Short text fragments from websites
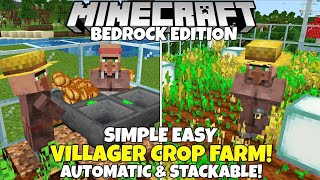 SIMPLE 120 FULLY AUTOMATIC CROP FARM TUTORIAL IN MINECRAFT BEDROCK [upl. by Ertnod687]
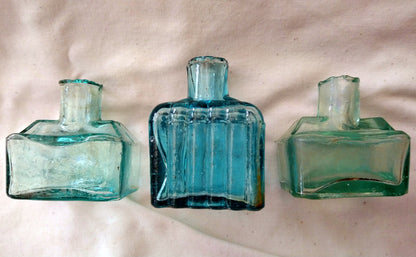 Vintage Collectable Ink Bottles Lot of 3.  (ref Nos173)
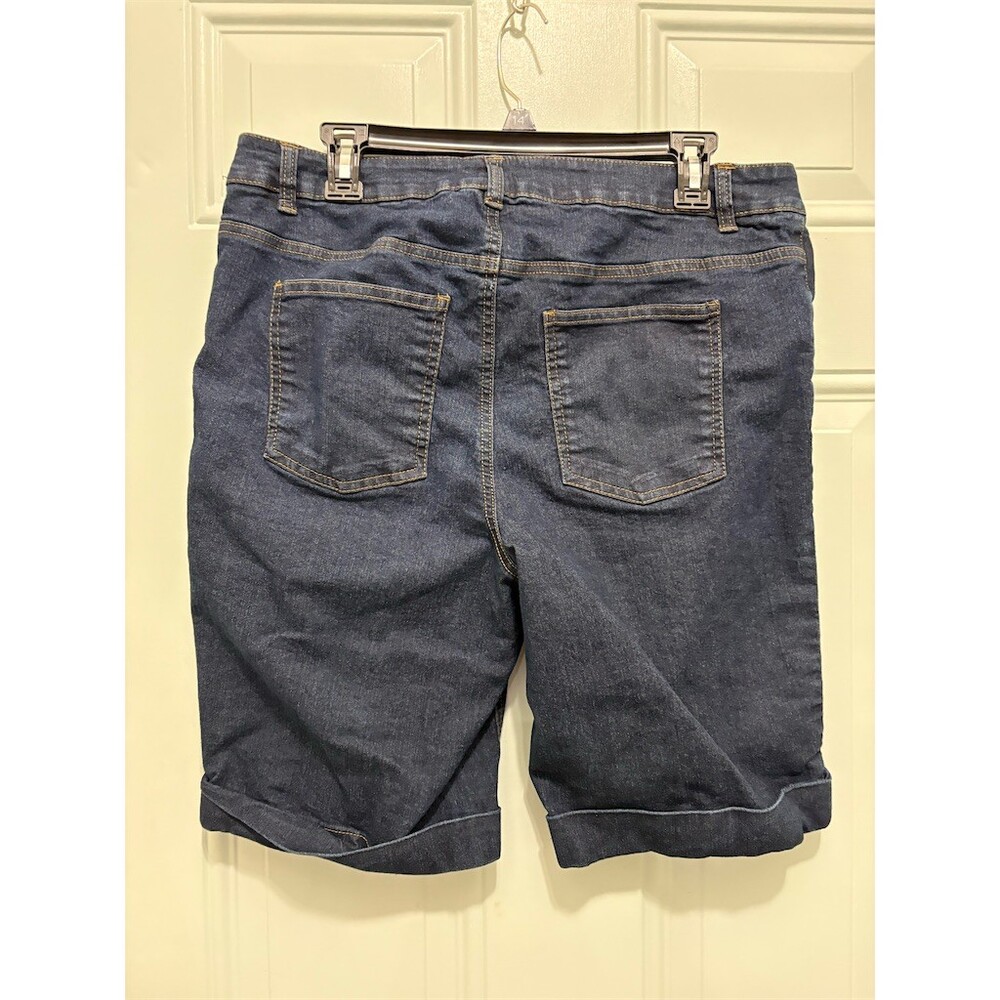 Woman Within Womens Bermuda Denim Shorts Size 14W Dark Wash Cuffed Hem - Picture 5 of 9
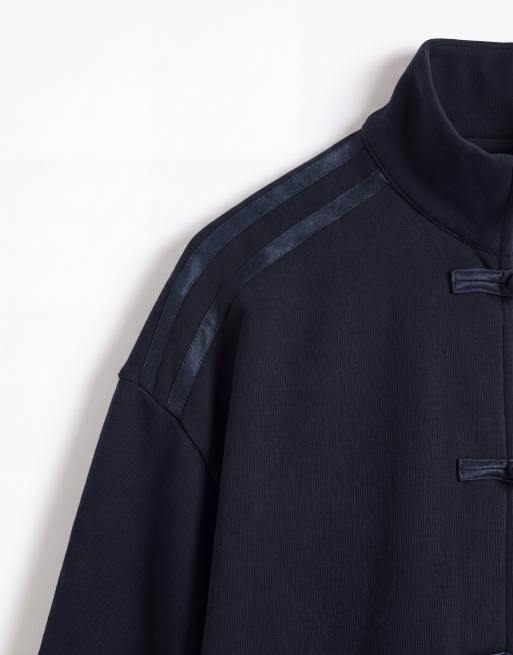 ASOS DESIGN mandarinjacka med satinband set i navy, 7 av 8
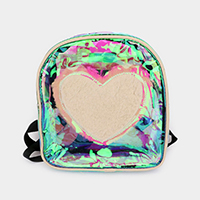 Faux Fur Heart Accented Clear Holographic Transparent Backpack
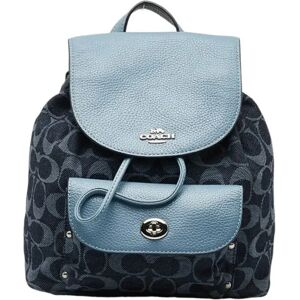 COACH Signature Billy Backpack F25893 Blue Canvas Leather Women's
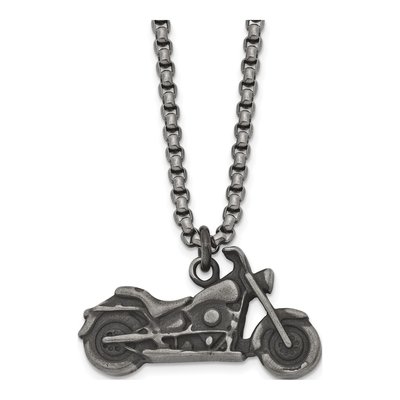 Stainless Steel Motorcycle Pendant Necklace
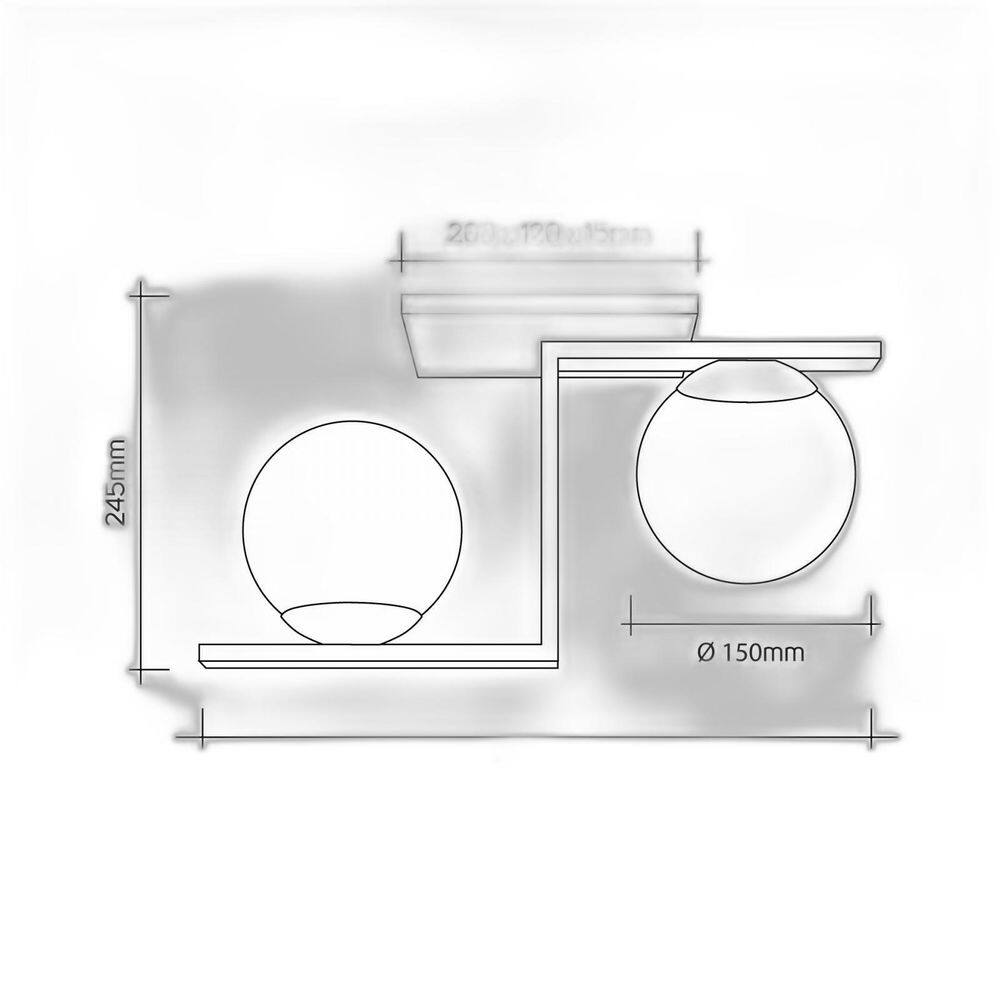 Lustre Plafon Havana 2 Startec Preto 46Cm - Alumínio E Vidro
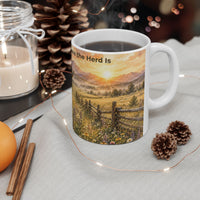 Load image into Gallery viewer, Highland Cow Mug – Home Is Where the Herd Is Ceramic Mug, 11 oz &amp; 15 oz, Rustic Farmhouse Kitchen Decor
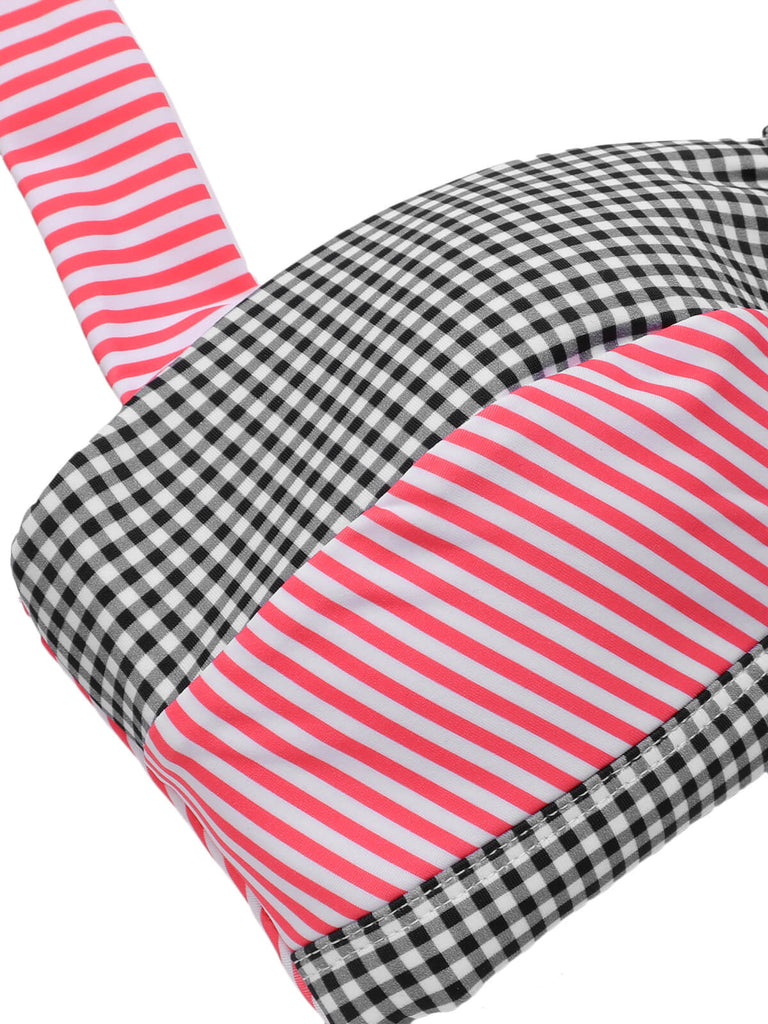 Costumi patchwork a righe scollo all'americana anni '50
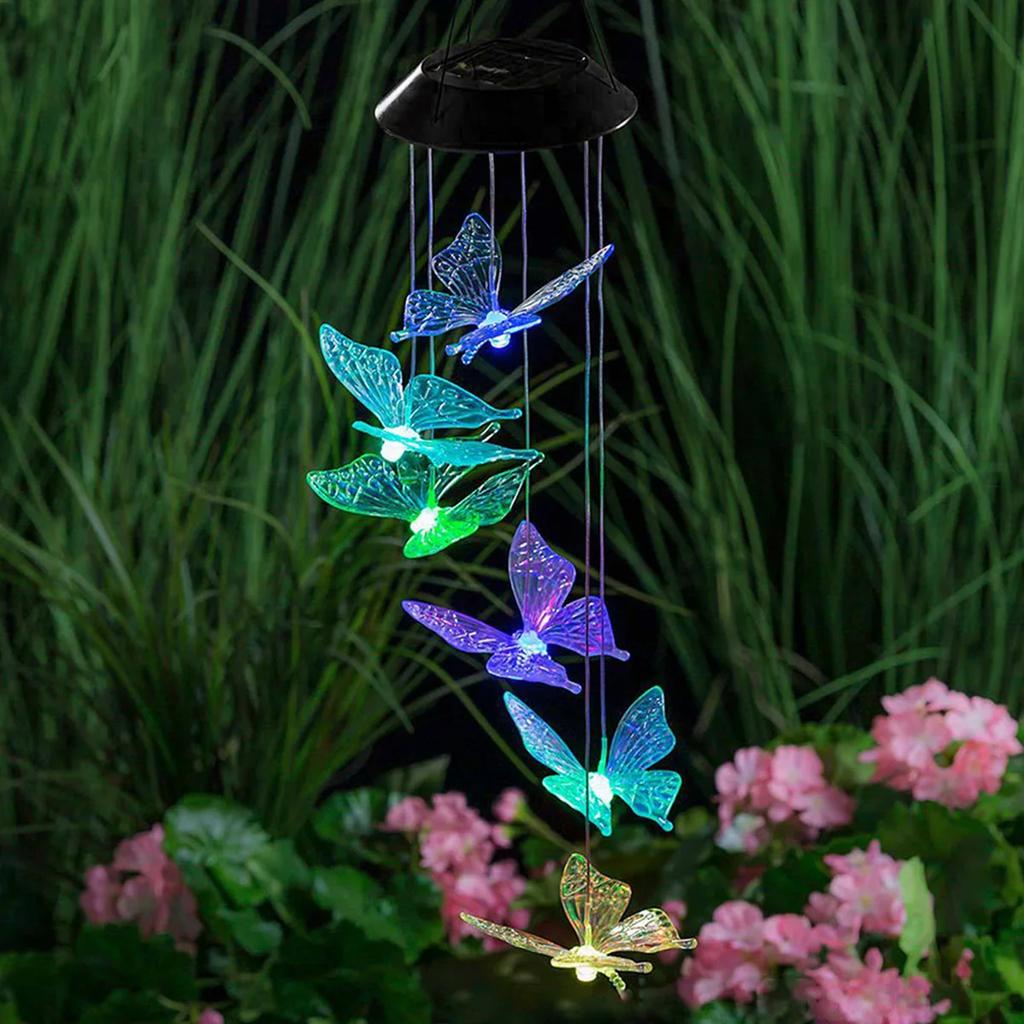 Butterfly Solar Wind Chime Light Multicolor Light Waterproof Chandelier with Bell for Garden Home Yard Lawn Decoration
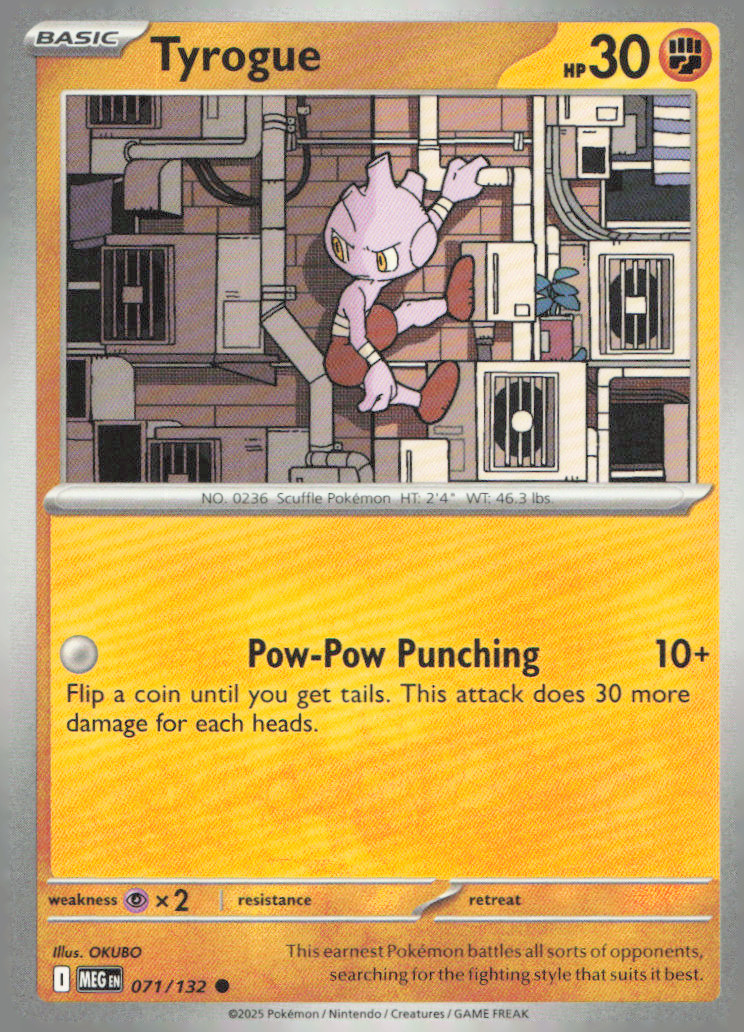 Tyrogue Common ME01: Mega Evolution 071/132 NM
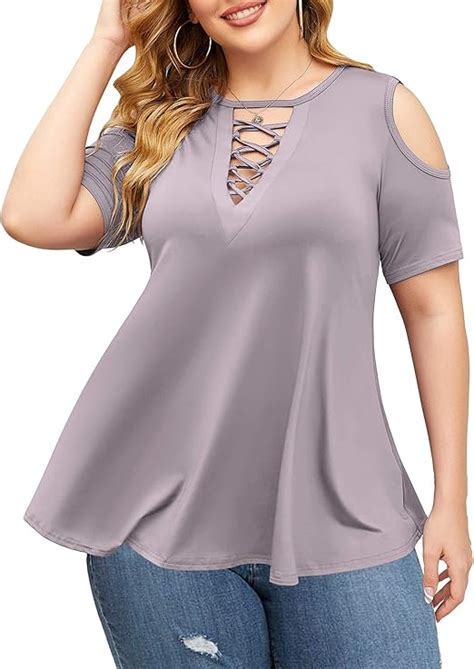 Zeagoo Womens Plus Size Deep V Neck Cold Sholder Tops Flowy Tunics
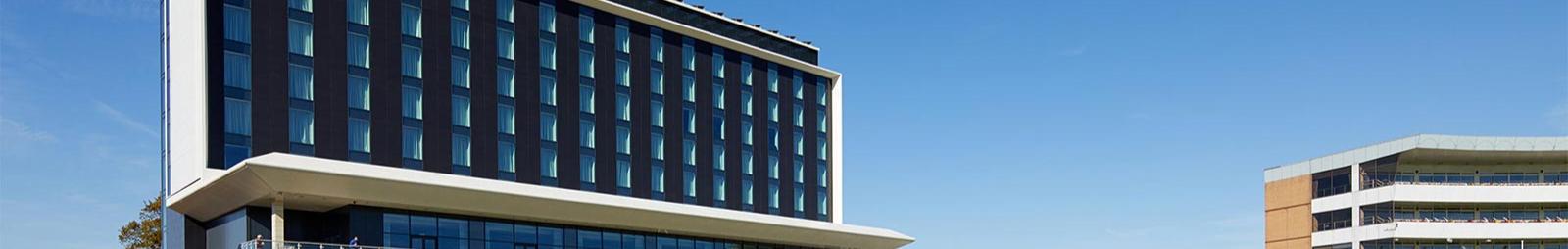 An exterior view of the Hilton Garden Inn Hotel at Doncaster Racecourse.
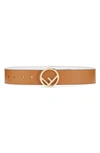 FENDI LOGO BUCKLE LEATHER BELT,8C0579-A1KS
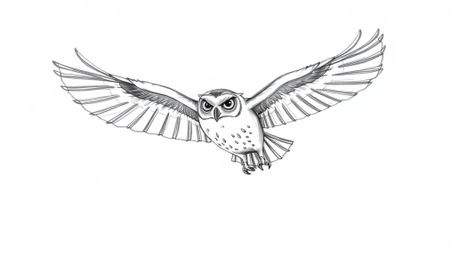A heartwarming hand-drawn sketch in the style of Pixar portrays a blind owl, its soft pencil strokes emphasizing texture and 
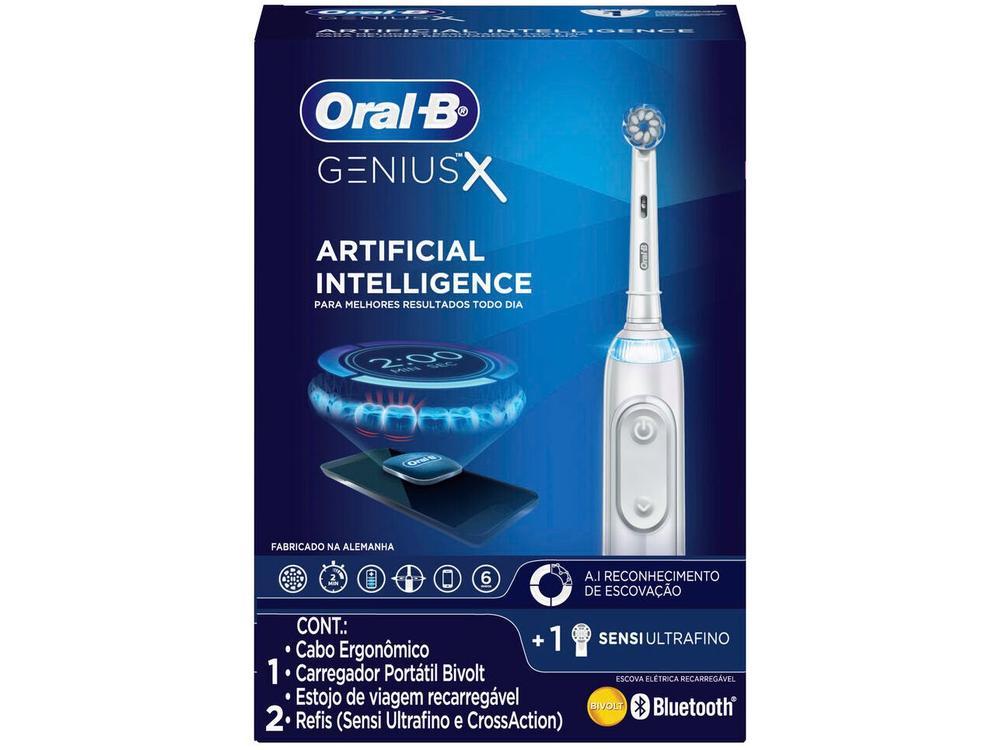 Escova de Dente Elétrica Recarregável Oral-B Genius X com Estojo de Viagem com Refil - 1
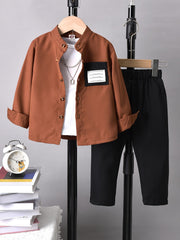 Boy's Geometric Pattern Shirt & Pants Set for Spring Fall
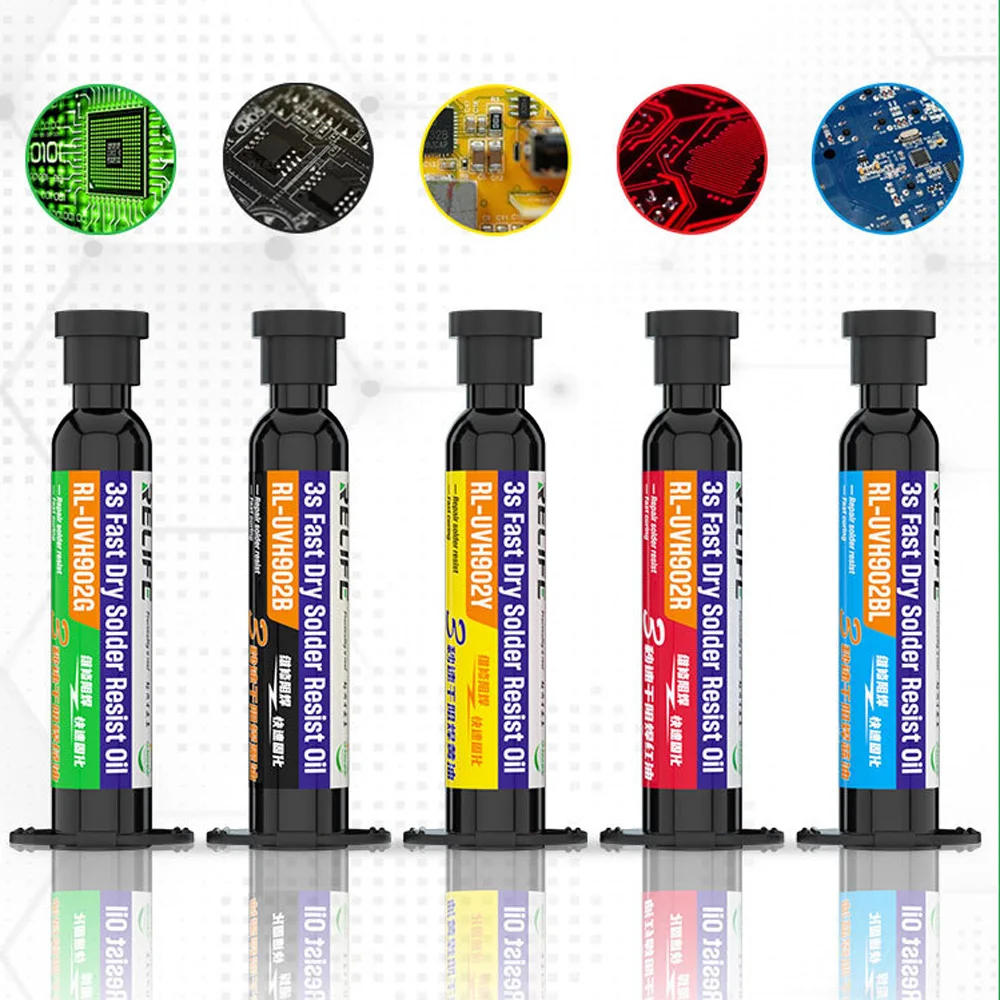 10cc RL-UVH902 Motherboard Jumper Wire Curing Oil 3S Quick-drying Mobile Phone Repair Flux UV Curing Welding Paste Flux Tool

_The problem_.
Before copying, set the pictures aside; then reproduce each entry above exactly.

_Result of this exercise_.
 SIMPLE 120 FULLY AUTOMATIC CROP FARM TUTORIAL IN MINECRAFT BEDROCK [upl. by Ertnod687]
 Vintage Collectable Ink Bottles Lot of 3.  (ref Nos173)
 Woman Within Womens Bermuda Denim Shorts Size 14W Dark Wash Cuffed Hem - Picture 5 of 9
 ASOS DESIGN mandarinjacka med satinband set i navy, 7 av 8
 Faux Fur Heart Accented Clear Holographic Transparent Backpack
 COACH Signature Billy Backpack F25893 Blue Canvas Leather Women's
 Stainless Steel Motorcycle Pendant Necklace
 Lustre Plafon Havana 2 Startec Preto 46Cm - Alumínio E Vidro
 Load image into Gallery viewer, Highland Cow Mug – Home Is Where the Herd Is Ceramic Mug, 11 oz &amp; 15 oz, Rustic Farmhouse Kitchen Decor
 Costumi patchwork a righe scollo all'americana anni '50
 Butterfly Solar Wind Chime Light Multicolor Light Waterproof Chandelier with Bell for Garden Home Yard Lawn Decoration
 Tyrogue Common ME01: Mega Evolution 071/132 NM
 Zeagoo Womens Plus Size Deep V Neck Cold Sholder Tops Flowy Tunics
 An exterior view of the Hilton Garden Inn Hotel at Doncaster Racecourse.
 FENDI LOGO BUCKLE LEATHER BELT,8C0579-A1KS
A heartwarming hand-drawn sketch in the style of Pixar portrays a blind owl, its soft pencil strokes emphasizing texture and 
 Escova de Dente Elétrica Recarregável Oral-B Genius X com Estojo de Viagem com Refil - 1
 Boy's Geometric Pattern Shirt & Pants Set for Spring Fall
 10cc RL-UVH902 Motherboard Jumper Wire Curing Oil 3S Quick-drying Mobile Phone Repair Flux UV Curing Welding Paste Flux Tool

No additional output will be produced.